**Task instructions**:
The output should be the listing below, limited to the lines from the one with "Picture 2 of 2" through the one with "Junqueras, Puigdemont y", exact and without pictures.

**Records supplied**:
^^^^

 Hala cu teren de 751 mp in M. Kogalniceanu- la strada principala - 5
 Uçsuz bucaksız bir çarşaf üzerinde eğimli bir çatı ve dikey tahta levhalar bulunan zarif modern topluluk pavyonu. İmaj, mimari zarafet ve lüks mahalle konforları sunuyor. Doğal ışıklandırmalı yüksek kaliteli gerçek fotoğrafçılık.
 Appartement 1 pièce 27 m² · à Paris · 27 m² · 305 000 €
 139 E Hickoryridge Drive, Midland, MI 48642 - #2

^^^^

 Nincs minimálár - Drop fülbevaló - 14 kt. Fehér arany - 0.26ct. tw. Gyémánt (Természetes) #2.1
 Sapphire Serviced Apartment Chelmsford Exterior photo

^^^^

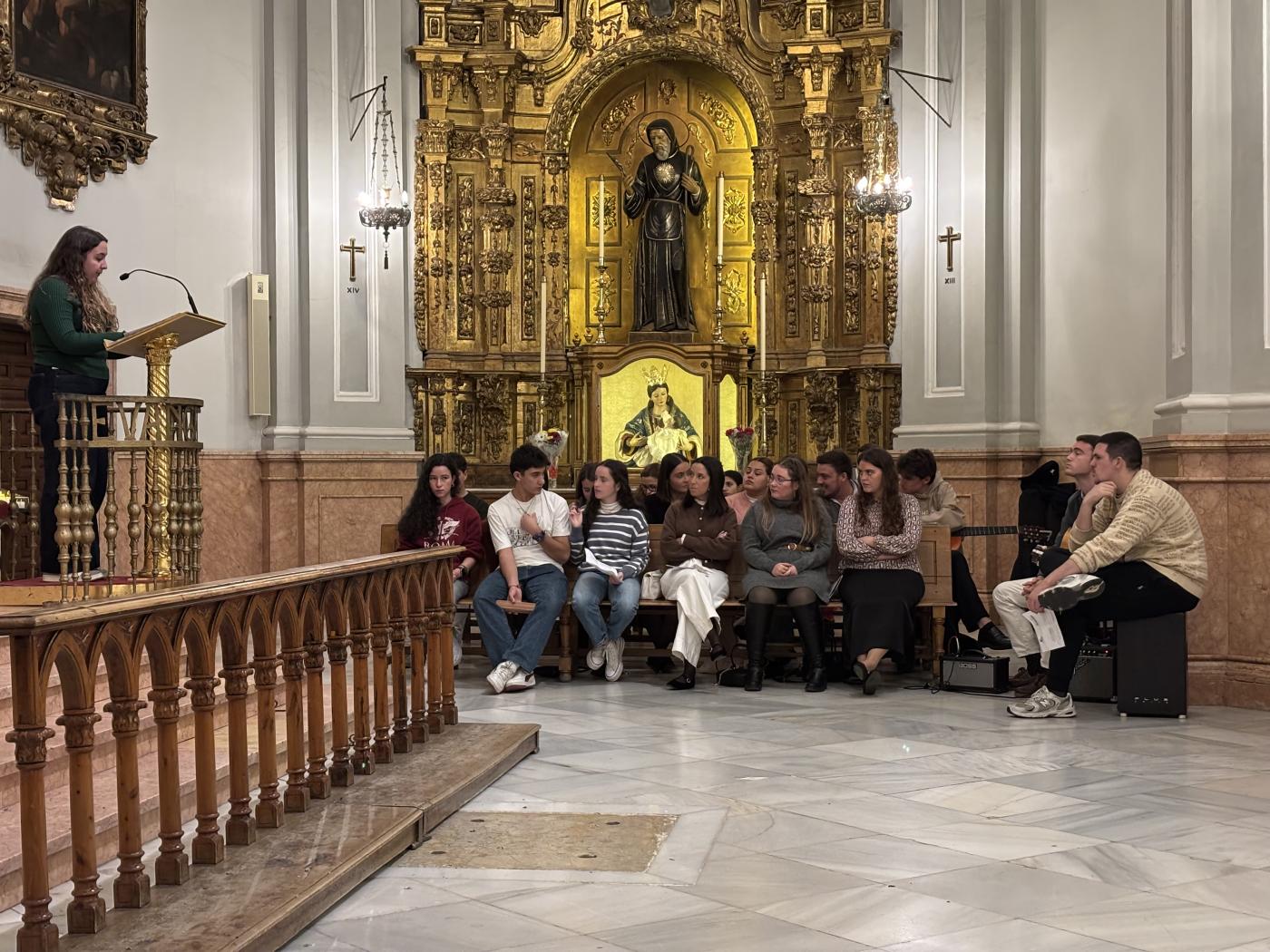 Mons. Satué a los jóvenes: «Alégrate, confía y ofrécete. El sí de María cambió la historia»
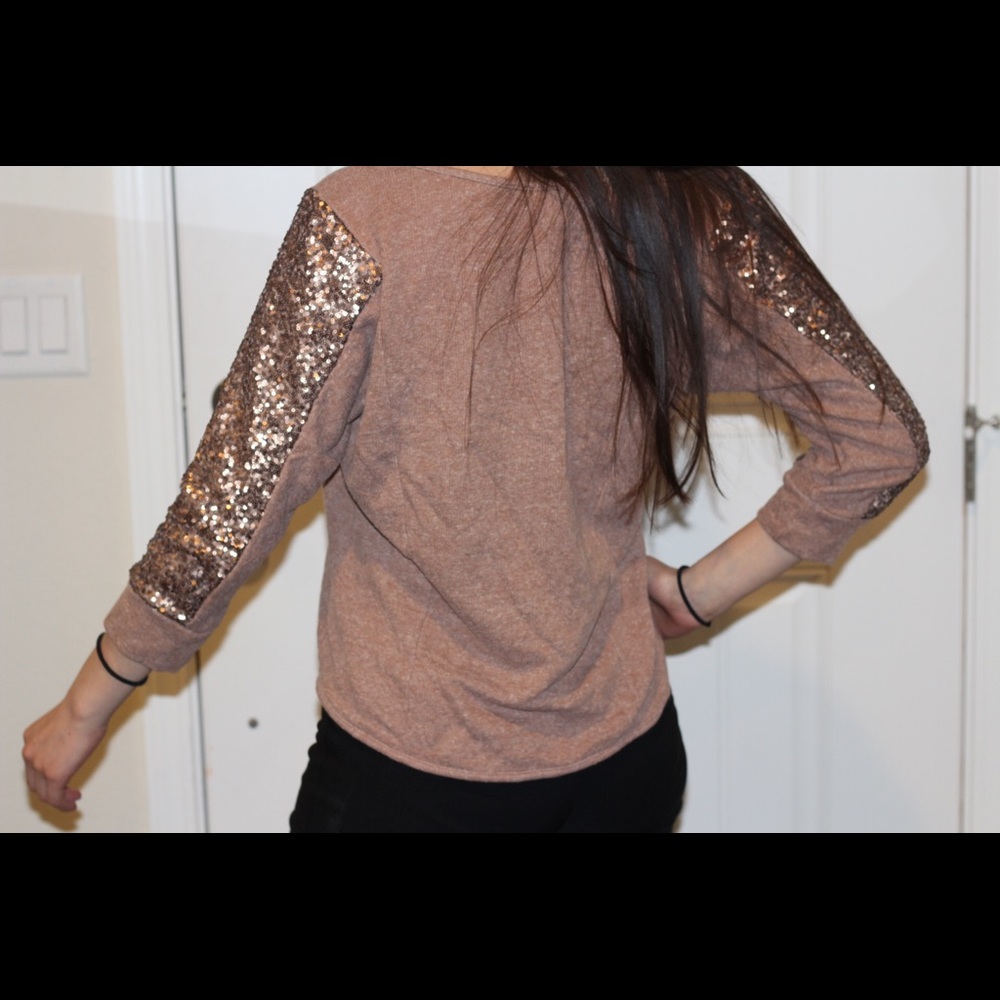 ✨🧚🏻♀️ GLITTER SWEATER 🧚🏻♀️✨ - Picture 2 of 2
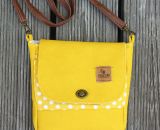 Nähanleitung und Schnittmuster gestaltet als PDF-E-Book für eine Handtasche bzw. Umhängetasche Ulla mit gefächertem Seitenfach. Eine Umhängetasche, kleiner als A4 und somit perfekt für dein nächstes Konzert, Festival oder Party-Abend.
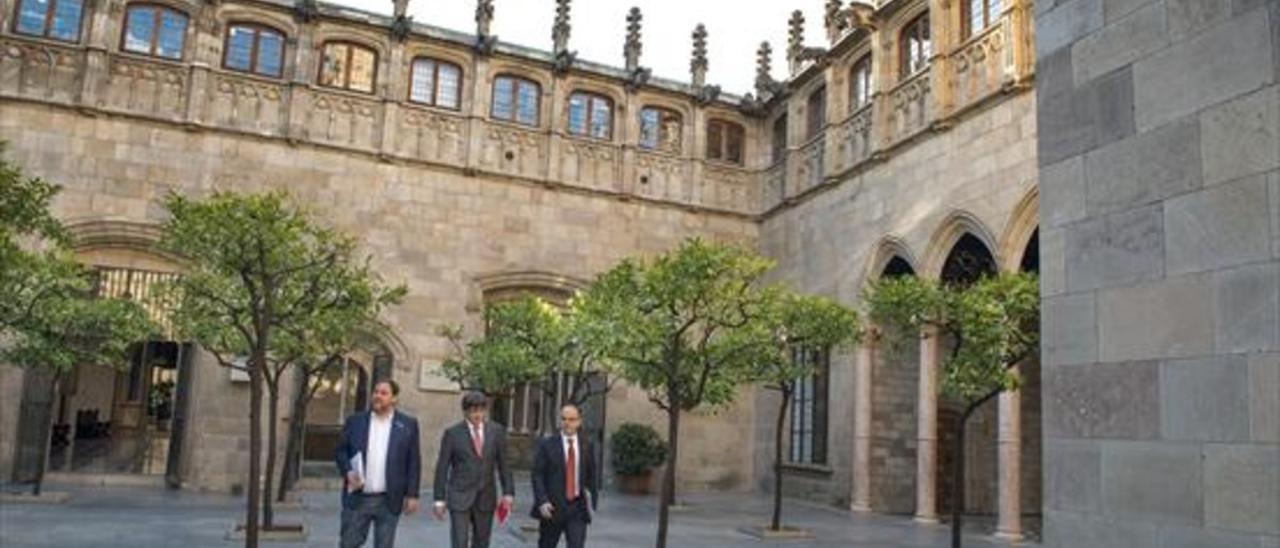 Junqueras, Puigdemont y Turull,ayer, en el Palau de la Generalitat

^^^^

**Output of the task**:
 ✨🧚🏻♀️ GLITTER SWEATER 🧚🏻♀️✨ - Picture 2 of 2
 Nähanleitung und Schnittmuster gestaltet als PDF-E-Book für eine Handtasche bzw. Umhängetasche Ulla mit gefächertem Seitenfach. Eine Umhängetasche, kleiner als A4 und somit perfekt für dein nächstes Konzert, Festival oder Party-Abend.
 Junqueras, Puigdemont y Turull,ayer, en el Palau de la Generalitat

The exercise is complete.